LA DERNIÈRE OFFENSIVE

Les dernières arrestations de déserteurs à Kiew, les exhortations de Kerensky, la fermeté de l’état-major de Broussiloff, et aussi la pression exercée par les Alliés dont les officiers circulent partout en grand nombre, tout cela vient de décider les comités de l’armée de Galicie à accepter l’idée d’une offensive. Nous sommes dans la joie, car nous savons par ailleurs que cette armée encore assez disciplinée a du matériel, beaucoup de munitions et une réserve d’hommes telle que nous serons à plus de six contre un. De plus, les troupes autrichiennes qui tiennent le front d’en face ayant induit de quelques tirs de démolition qu’une offensive se préparait, commencent déjà à se rendre par paquets.

A propos des prisonniers autrichiens, il est bon d’ouvrir ici une parenthèse et de signaler le sort tout à fait exceptionnel qui leur était réservé, à Kiew notamment. Ils se promenaient librement, à toute heure du jour ou de la nuit, n’étaient soumis à aucun contrôle et occupaient toutes sortes de situations : cochers, jardiniers, valets de chambre, employés de banque, de tramways, etc. etc.
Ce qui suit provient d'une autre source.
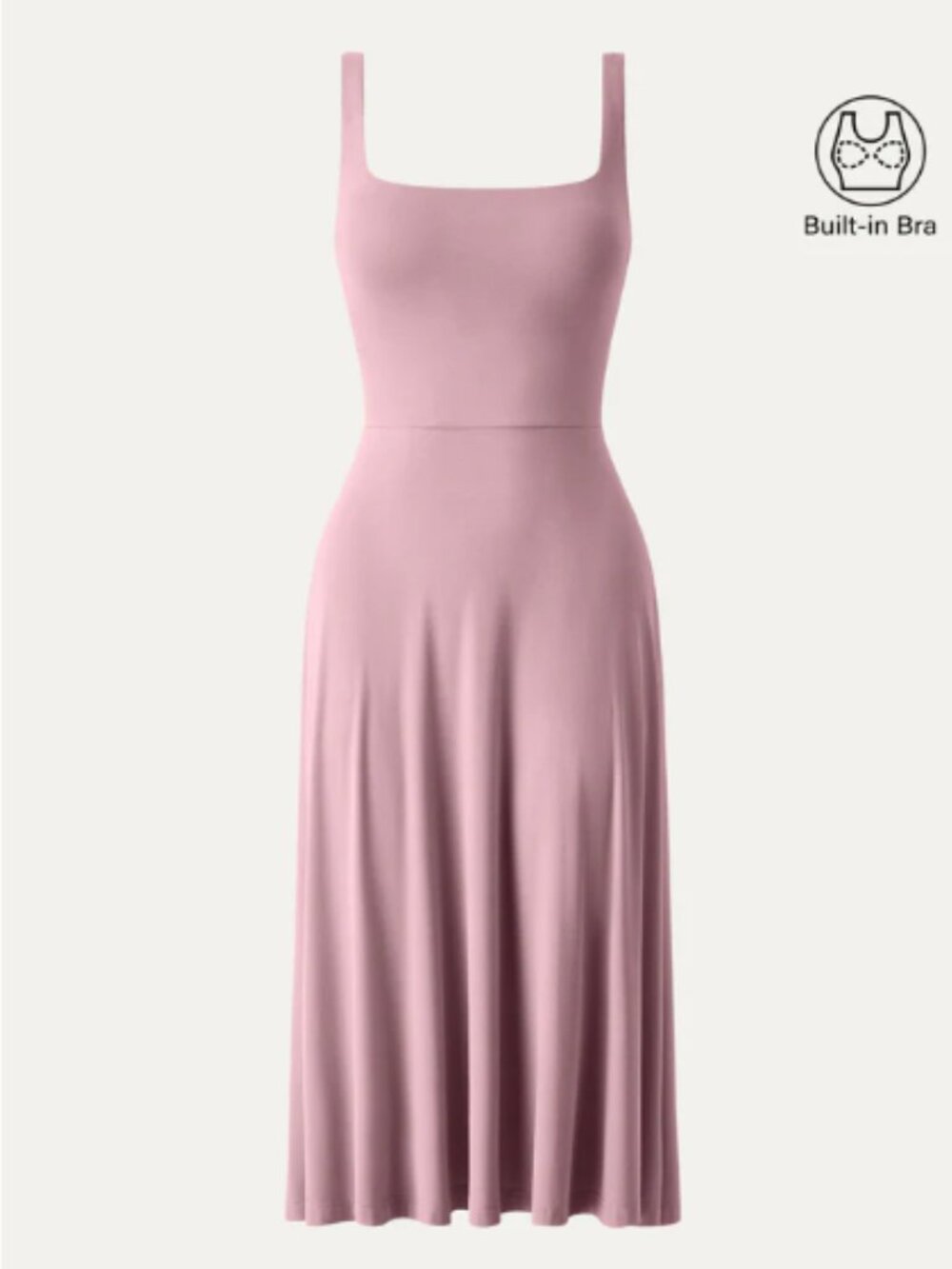 OGL Square Neck Flowy New Airy Bra Midi Dress - Picture 2 of 2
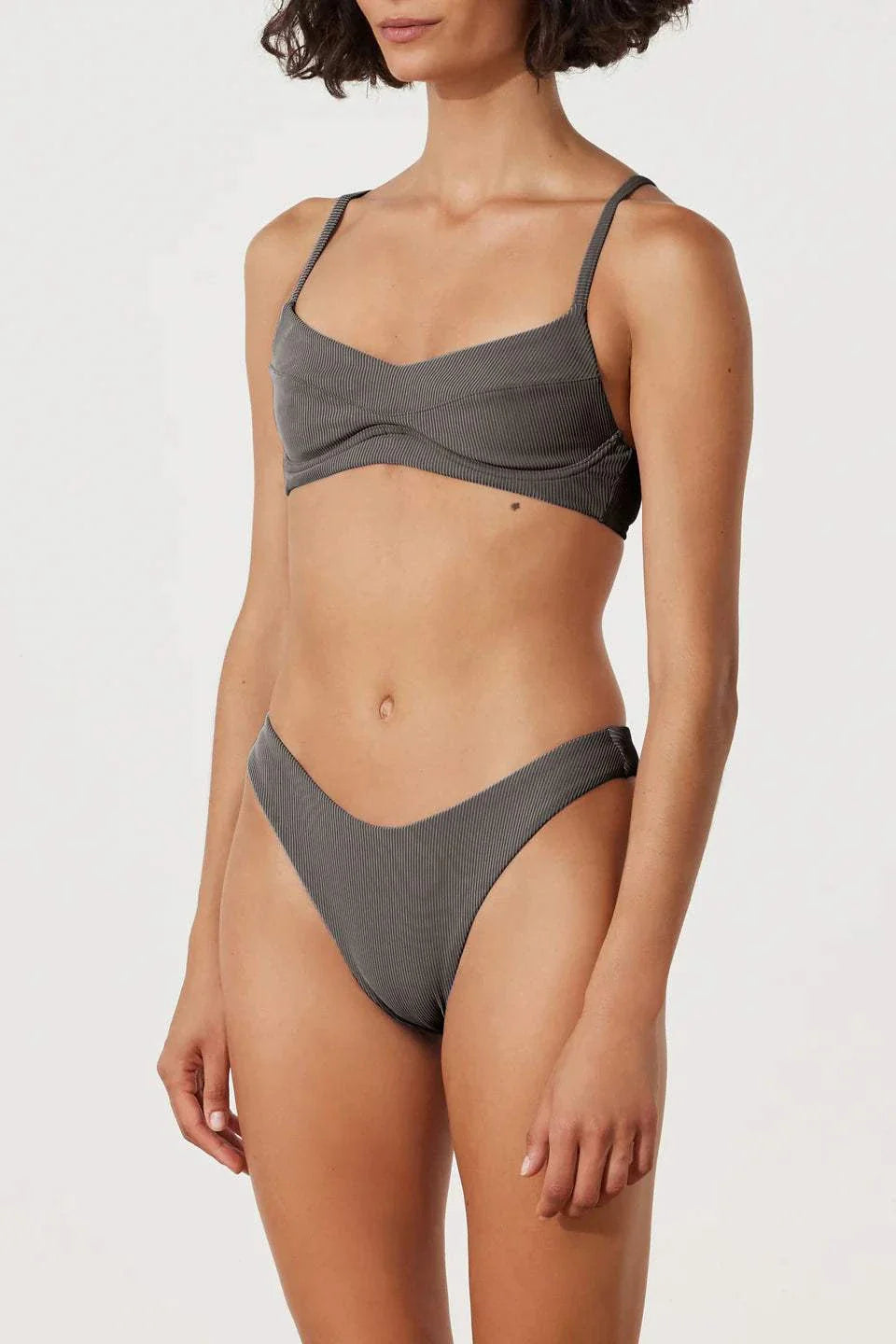 Zulu and Zephyr Charcoal Stripe Curve Brief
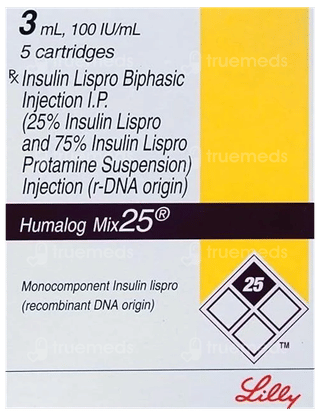 Humalog Mix 25 100Iu Cartridges 3Ml Pack Of 5 Injections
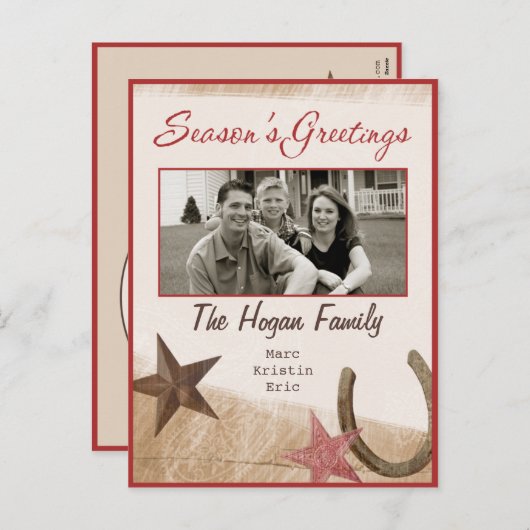 Western Holiday Foto Postkarte (Vorne/Hinten)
Or, parmi les deux millions cinq cent mille hommes faits prisonniers, combien y avait-il d’agents de l’Allemagne ? Ils avaient toute facilité pour la renseigner ou exécuter ses ordres. Combien de fois en ai-je vu prendre la parole dans des meetings ! D’ailleurs, dans la rue, ils affectaient ostensiblement de ne pas saluer les officiers russes, et par contre de conserver vis-à-vis de leurs officiers à eux les mêmes égards que du temps où ils étaient directement sous leurs ordres.